Post by Glenn Whitman
As my students know, their brains fascinate me and my colleagues. If they think about it, it is the only learning tool that they can never forget for our classes. Students can forget their homework, laptop, pencil or books. But there is no way they can forget their brain. But having their brain in our classes, on the athletic fields, or stage, does not mean learning or a strong performance will happen. Our brains are just not that simple and, at 3 lbs., the brain is pretty incredible and cannot be ignored.
Throughout this school year, I have been fascinated with memory, especially after reading Make It Stick: The Science of Successful Learning. All teachers should desire to have what they teach and have students experience, not just stay in their brains for a test, but also for a future moment when they might be at a social event and they need to recall who the Great Compromiser was in American history (Henry Clay) or who was LBJ (hopefully you will not say LeBron James).
But what do we ever truly remember?

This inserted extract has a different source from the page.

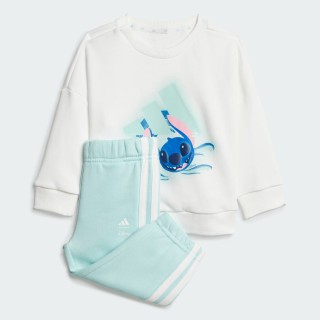 Adidas  Disney Lilo & Stitch Joggingpak Kids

For example, why do we never forget how to ride a bicycle? Even if we have not done it in many years, most of us could get on a bike and head off somewhere without a problem. I went to Dickinson College. Recently, I was asked what one of my favorite college classes was and I recall it being Music 101 in which we listened and talked about the great symphonies in the context of the historical period in which they were written.
Most of you don’t know that I have a “man crush” on Bruce Springsteen and know the lyrics to nearly all of his songs. I also often claim that because of Music 101 I know all the words to Beethoven’s 5th and 9th symphonies (the latter actually has German words that I don’t understand), Mussorgsky’s “Pictures from an Exhibition” and Vivaldi’s “Four Seasons”. But there is one symphony that I was introduced to in that college class that is particularly memorable and pertinent to our brains. It is one that we should play more often in our lives as teachers, students, and parents. It is titled 4’33’’ and is delivered in three movements and was composed in 1952 by John Cage. Take a listen.

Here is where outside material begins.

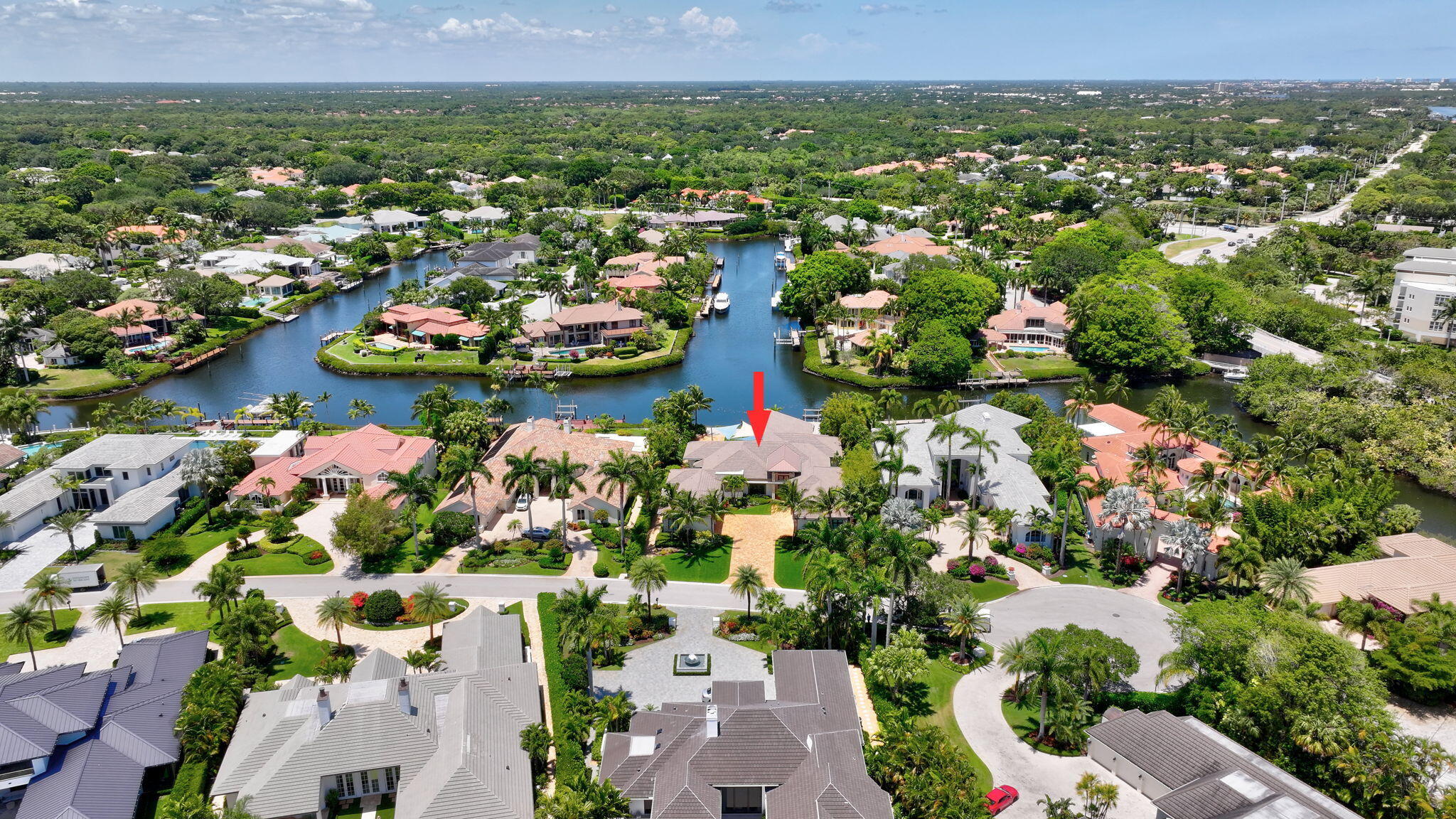 2783 Rhone, Palm Beach Gardens FL 33410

Our brain never stops working, even in our sleep. But it needs time to catch up, to think and ponder. But hardly do we, teachers, students or life, give it such “catch up” time. Have you ever wondered how much information a student’s brain receives each day, whether in class, at lunch, on the playing fields, or via social media. Our brains are constantly receiving, filtering, and pruning away information, making choices. We don’t need the next Taylor Swift or Bruce Springsteen song to calm our brains, we need 4’33’’ each day, a silent symphony, from which new ideas can emerge, opportunities can be evaluated, or momentary peace can be sought. Our brains deserve this and research shows that such a symphony is good for us. Moreover, this is a great time of year to make 4’33” a consistent part of your pedagogical practice. Let’s give students time to reflect on what they have learned this year, to assess the goals they established for themselves and their current progress, and what their current learning strengths or weaknesses might be. Or better yet, let’s build silence into our instructional practice. After initially freaking out most students, they will probably come to appreciate and welcome each of the symphonies movements.
Therefore, my challenge for each of us is to make 4’33’’ seconds more a part of how we teach, learn, and live each day. Recalling the words are easy, the melody is catchy, and it is one symphony that all of us can actually play on any instrument of our choosing, even my personal favorite, the air guitar.
Thank for reading and hopefully remembering!